Striking up conversation is such a schlep, it requires much skill, tact and for men, machismo with a peppering of bravado. It's amazing that I know the ingredients but the culmination is alien.
Of course humans are social beings, and to survive we need to communicate. I believe this to be the very reason intelligent fellow Deipnophobes developed things like MXIT, Facebook and Whatsapp. Those social networks have revolutionized the way and ease of communication.
I am a major beneficiary and exploiter of social networks – the mention of name is still spoken in hushed tones on MXIT spheres. During my time as a teen I possessed Alec Baldwin's charisma when it came to wooing ladies in the wee hours of the night.
But those years are gone, I no longer have an s'curl and cut and because of my age I am now on a razor thin line from between being a hip adult or paedophile – the latter seems to resonate with women my age. So MXIT is out.

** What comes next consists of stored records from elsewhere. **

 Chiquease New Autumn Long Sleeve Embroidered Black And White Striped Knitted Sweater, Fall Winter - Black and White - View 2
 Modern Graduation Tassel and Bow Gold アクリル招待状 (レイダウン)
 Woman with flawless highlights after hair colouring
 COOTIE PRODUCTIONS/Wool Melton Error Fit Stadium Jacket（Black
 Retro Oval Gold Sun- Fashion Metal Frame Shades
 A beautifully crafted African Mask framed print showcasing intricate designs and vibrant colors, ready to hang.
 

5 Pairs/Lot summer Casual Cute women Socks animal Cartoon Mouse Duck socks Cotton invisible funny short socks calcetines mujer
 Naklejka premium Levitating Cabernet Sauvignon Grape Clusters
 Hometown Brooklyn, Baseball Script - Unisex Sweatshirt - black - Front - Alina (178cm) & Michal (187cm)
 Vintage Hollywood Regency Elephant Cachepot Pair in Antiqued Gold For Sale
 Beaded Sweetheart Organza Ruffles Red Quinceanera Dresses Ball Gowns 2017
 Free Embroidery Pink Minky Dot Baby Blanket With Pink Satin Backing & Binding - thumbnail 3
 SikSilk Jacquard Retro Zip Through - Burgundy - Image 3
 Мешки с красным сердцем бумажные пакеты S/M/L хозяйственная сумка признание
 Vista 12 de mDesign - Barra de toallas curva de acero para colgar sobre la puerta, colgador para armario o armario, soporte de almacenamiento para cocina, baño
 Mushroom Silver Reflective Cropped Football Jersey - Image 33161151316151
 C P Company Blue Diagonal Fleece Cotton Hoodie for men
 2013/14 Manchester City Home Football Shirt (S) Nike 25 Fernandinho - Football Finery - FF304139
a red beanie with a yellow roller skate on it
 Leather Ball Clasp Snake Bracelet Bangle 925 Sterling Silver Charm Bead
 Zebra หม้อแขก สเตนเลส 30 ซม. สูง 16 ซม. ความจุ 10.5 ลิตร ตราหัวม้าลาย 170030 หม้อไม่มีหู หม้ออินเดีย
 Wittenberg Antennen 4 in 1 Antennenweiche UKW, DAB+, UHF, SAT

Whatsapp too has been a great tool for communication, but this was before they introduced the blue ticks and the “last seen” capability. Also, for some reason people seem to develop an acute propensity to start groups every week. Such individuals should be avoided.
You can make faces all you want but you know you now strategize entry on Whatsapp to avoid the proverbial “So what are you up to”? or being added into a group. These factors burn me up, so much so that I have quit Whatsapp too.
This has left me with a rather unique problem, how do I communicate? Fortunately, I have conjured from the depths of my posterior the ultimate method of communication for fellow Social Pariahs. I have christened this, 'The Magneto Theorem'.
I will mention that The Magneto Theorem is quite complex and requires decades of avoiding conversations and hiding in bushes to escape chatty neighbours. Although these strides have proved golden for me they do have their limits. For one: how do you avoid a person on the bus or in a lift? Unless someone releases bum gas, you're stuck.
The Magneto Theorem then will prove pivotal. Basically it involves the ability to repulse small talk all the while avoiding veering into Social Pariahdom.
To be truly effective in the MT you will need: headphones, a pair of sunglasses, boxer shorts, a container of Ntsu snuff and any melodic account of Justin Bieber's music.
How to apply the MT.
Say you are in a bus and a rather passionate Motor mouth (a person with a proclivity for small talk) spots you and starts making his way towards you – let's call this person Desmond.
Step one – always wear your sunglasses while on the bus, people naturally assume you are hung over and the fear of halitosis will keep them away. If that doesn't work.
Step two – have your headsets on. People avoid situations where they will look desperate for conversation, and so will ignore you. If that fails.
Step three – hum a riveting tune of Justin Bieber's baby. No one wants to be associated with adult Bielieber. If that too fails.
Step four – hold the container of Ntsu in full view. This doesn't even need justification as to why it is wrong. This is normally the final straw to ignoring small talk. Although unlikely but if it too fails.
Step five – pull out a pair of wrinkled boxers and start blowing your nose. I guarantee a wide berth.
There you have it, the Magneto Theorem. Effective, and from step 1 to 3 quite subtle, you can tweet later to thank me.